Haben Sie Ihr Einstehen für einen Numerus clausus mit Ihren Kollegen aus der Erziehungsdirektorenkonferenz abgesprochen – oder nur mit dem Wirtschaftsdachverband Economiesuisse, der Sie in dieser Frage unterstützt?

Amsler: Weder noch. Wie gesagt, man muss als Politiker Diskussionen in Gang bringen.

Rangiert Wirtschaftspolitik in Ihren Augen vor Bildungspolitik?

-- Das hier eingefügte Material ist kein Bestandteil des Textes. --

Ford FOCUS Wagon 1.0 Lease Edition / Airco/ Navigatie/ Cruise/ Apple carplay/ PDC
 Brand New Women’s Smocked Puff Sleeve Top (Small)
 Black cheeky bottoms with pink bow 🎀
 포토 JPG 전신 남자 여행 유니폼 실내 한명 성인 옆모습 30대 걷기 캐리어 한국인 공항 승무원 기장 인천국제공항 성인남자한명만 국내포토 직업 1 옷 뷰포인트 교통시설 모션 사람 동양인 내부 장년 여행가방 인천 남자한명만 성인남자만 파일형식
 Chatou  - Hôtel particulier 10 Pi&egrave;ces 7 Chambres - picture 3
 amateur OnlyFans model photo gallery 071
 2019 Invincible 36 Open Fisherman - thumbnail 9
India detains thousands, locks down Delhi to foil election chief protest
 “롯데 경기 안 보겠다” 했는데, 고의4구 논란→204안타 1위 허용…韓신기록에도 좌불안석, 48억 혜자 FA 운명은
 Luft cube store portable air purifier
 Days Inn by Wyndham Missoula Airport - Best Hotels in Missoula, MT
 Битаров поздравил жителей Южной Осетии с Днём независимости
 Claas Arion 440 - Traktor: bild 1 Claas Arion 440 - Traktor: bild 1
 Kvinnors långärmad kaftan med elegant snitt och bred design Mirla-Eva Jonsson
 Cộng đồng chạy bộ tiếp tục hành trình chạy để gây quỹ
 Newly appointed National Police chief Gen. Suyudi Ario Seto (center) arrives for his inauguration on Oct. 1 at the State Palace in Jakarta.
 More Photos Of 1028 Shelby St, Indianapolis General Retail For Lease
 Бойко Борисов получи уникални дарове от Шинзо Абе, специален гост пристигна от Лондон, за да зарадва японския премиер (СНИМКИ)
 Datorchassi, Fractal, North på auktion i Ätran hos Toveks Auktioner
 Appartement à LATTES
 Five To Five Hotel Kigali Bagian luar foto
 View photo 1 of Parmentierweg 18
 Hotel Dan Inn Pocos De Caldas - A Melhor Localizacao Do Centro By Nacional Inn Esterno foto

Amsler: Nein, überhaupt nicht. Bildungspolitik muss langfristig ausgelegt sein. Man darf nicht auf jeden Pieps von aussen reagieren. Und doch kann es durchaus hilfreich sein, wenn uns Wirtschaft und Gewerbe gelegentlich auf die Finger klopfen.

Die Einschränkung der Studienfreiheit wäre eine staatliche Zwangsmassnahme. Wie verträgt sich das mit dem Gedankengut eines liberalen Politikers?

Amsler: Ich bin im Herzen ein Liberaler. Planwirtschaft liegt mir meilenweit entfernt. Aber ich warne davor, die Studienfreiheit zu einer parteipolitischen Frage hochzustilisieren. Wir haben in diesem Land alle gemeinsam eine Verantwortung, dass unser Nachwuchs gut ausgebildet wird und unsere Arbeitslosenquoten so tief bleiben, wie sie sind. Irgendwo hat die grenzenlose Freiheit unserer Bürger auch Grenzen.

Gelernt werden soll demnach, was die Unternehmen gerade brauchen?

Amsler: Prinzipiell wünsche ich den jungen Menschen, dass sie jenes Fach studieren können, das sie sich wünschen. Aber wenn man Missverhältnisse feststellt, muss es möglich sein, dass man Regulierungen einführt. Das hat man in der Medizin ja auch getan. In der Bildungspolitik müssen wir entscheiden, wen wir im eigenen Land ausbilden wollen und wen wir durch Zuwanderung ins Land holen wollen.

«Ich bin nicht dazu gewählt, Kuschelpolitik zu betreiben, die allen gefällt»

«Die Studienfreiheit hat ihre Grenzen»

Christian Amsler Der «Mister Lehrplan 21»

Per 1. Januar hat der Schaffhauser Regierungsrat Christian Amsler (FDP) sein Amt als Präsident der Deutschschweizer Erziehungsdirektorenkonferenz angetreten. In dieser Funktion wird sein Hauptaugenmerk auf der Arbeit am neuen Lehrplan 21 liegen. Das Regelwerk soll im Herbst 2014 den Kantonen übergeben werden. Für diesen Sommer ist eine breite öffentliche Diskussion dazu vorgesehen. Amsler (50), ausgebildeter Lehrer, gehört dem Schaffhauser Regierungsrat seit 2009 an. Er ist verheiratet und hat drei Kinder.